There is an old economic saying that ‘when the US sneezes, the world catches a cold’. This is particularly true for Europe, with the two regions having many shared interests and trade deals on the go. Equally true is that events in the EU have a knock-on affect on US organizations. Even if your firm has no direct dealings with EU countries, there is a high chance that your suppliers or partners do, and anything that happens to them will likely have a knock-on effect on your business.

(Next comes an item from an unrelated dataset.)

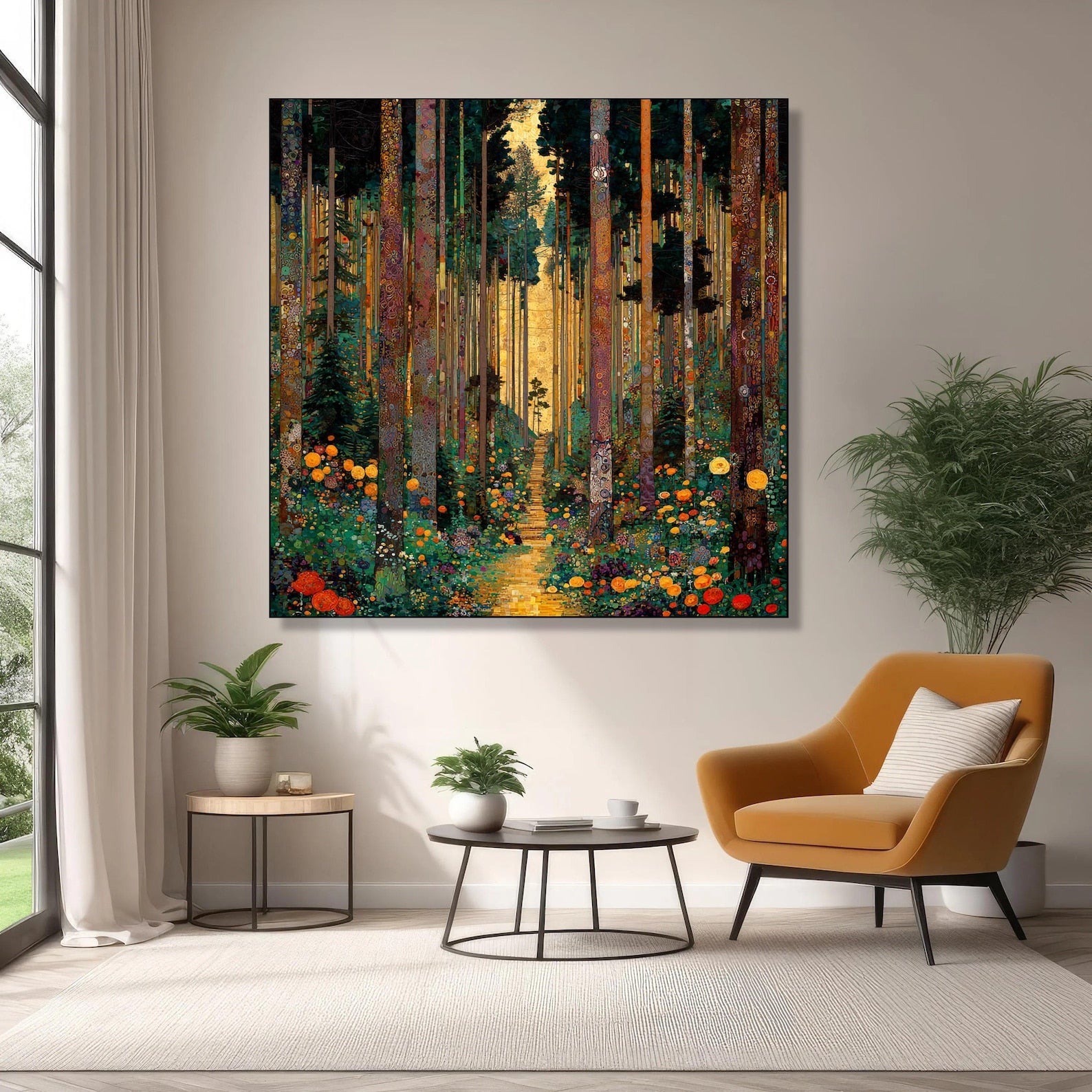 Whispering Grove – Hand-Painted 3D Textured Forest & Floral Canvas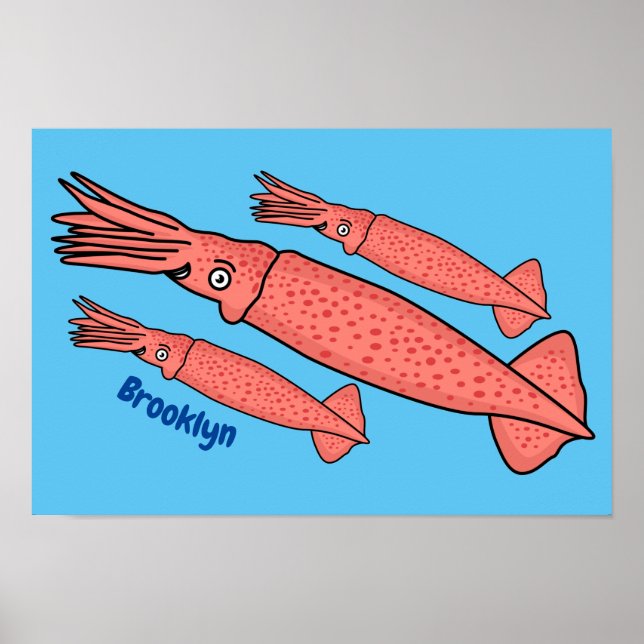 Poster Illustration de calamar rose (Devant)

The European economy has been in the doldrums for years, and it seems that a new issue rears its head that organizations need to adapt their business strategies to deal with. This year could see a number of events take place that companies should be on the look out for.
UK’s EU referendum
The EU Referendum is now looking likely to take place some time in the summer, probably the 23rd of June, just after the Scottish Parliament elections. The chances of a so-called Brexit have greatly increased in recent months, with some polls now actually putting the leave camp ahead. As we saw in the Scottish referendum, the fear alone is likely to send the markets into a panic
A Brexit would be a challenge for the UK, with leaving causing massive economic disruption while it negotiates the terms of its departure and makes policy decisions that will make or break its future success outside the EU. The EU would similarly suffer, losing a sixth of its revenue, half its military, its second largest economy, its financial centre, and a vital proponent of free trade. Whether Britain remains an open and liberal economy will have tremendous implications for other companies and trade agreements, and companies should ensure that they have contingency plans in place.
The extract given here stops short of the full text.